Unsure of what to do, Vic asked Bryant, "I said ‘Kob', now what, do I cut my hair?' He says, ‘Vic, why don't you cut your hair when I retire?' I said ‘Kob' that's a great idea.'"
One peek at Vic's current hairdo confirms that he's kept his word all these years, but what's his plan for when Kobe finally hangs em up?
Vic doesn't expect that to happen as soon as you might think. "I believe he'll play at least one year after this year, depending on his health." Vic admits that it could be quite the culture shock when the time does finally come—"It'd be totally crazy. It's a different time and space"—but he's not setting anything in stone just yet—"I've got to huddle with Kob' and we have to reassess the scenario."
Maybe it seems overly hokey that Vic the Brick's hair should stand as the sands of time for Kobe's career arc.

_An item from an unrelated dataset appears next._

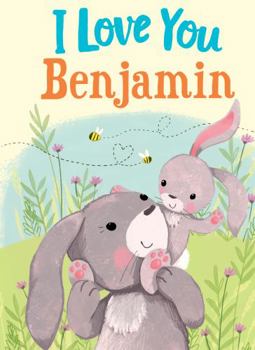 Hardcover I Love You Benjamin: A Personalized Book About Love for a Child (Gifts for Babies and Toddlers, Gifts for Birthdays) Book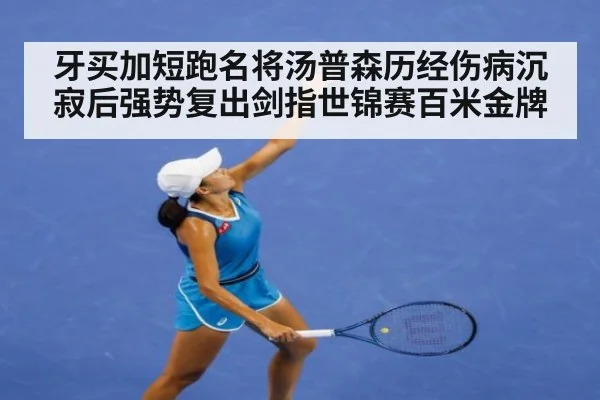 牙买加短跑名将汤普森历经伤病沉寂后强势复出剑指世锦赛百米金牌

Bryant upholding his end of some Faustian bargain by descending into a fiery perdition the moment his final game is complete would certainly make for a more compelling visual than a smock-wearing Vic the Brick mugging for the camera as some hairstylist asks if he wants a little more off the top. Still, expecting anything grandiose out of the end of Bryant's career would almost undermine the actual raw material that gave way to his mythos in the first place.
This isn't to say we haven't mythologized Bryant's journey—we have. We've long ago shot past the point of it being cliché to talk about Kobe's 4AM offseason workouts or solitary all-night shooting sessions, but that doesn't mean they aren't genuine.
Vic the Brick isn't the Kobe Bryant of radio—he would never invite that comparison. Besides, Vic's in his own stratosphere. Still, when Vic waxes poetic with bodhisattva virtue, he's not putting on airs. Vic's shtick may be shtick, but it comes from the heart. He cares. He really is feelin' you, Lakers fans. It's real. It's a revolution, man.
When Kobe jacks up a shot from four feet beyond the three-point line with 18 seconds on the shot clock, it's not just for show. From an outsider's perspective, in that moment, Bryant somehow, impossibly, seems to think that his attempt was the best way for his team to score—and ultimately win—empirical data be damned. When Kobe erupts into a jaw-jutting supernova on the court, it's easy to caricaturize, but not inauthentic.
It's all inextricably blended. The legend and the reality. The lore and the mundanity. They inform one another in a seemingly endless feedback loop that eventually spits us out in a strange new place where Vic the Brick getting a haircut somehow seems like a perfect coda to the career of an NBA icon—whenever it's truly over.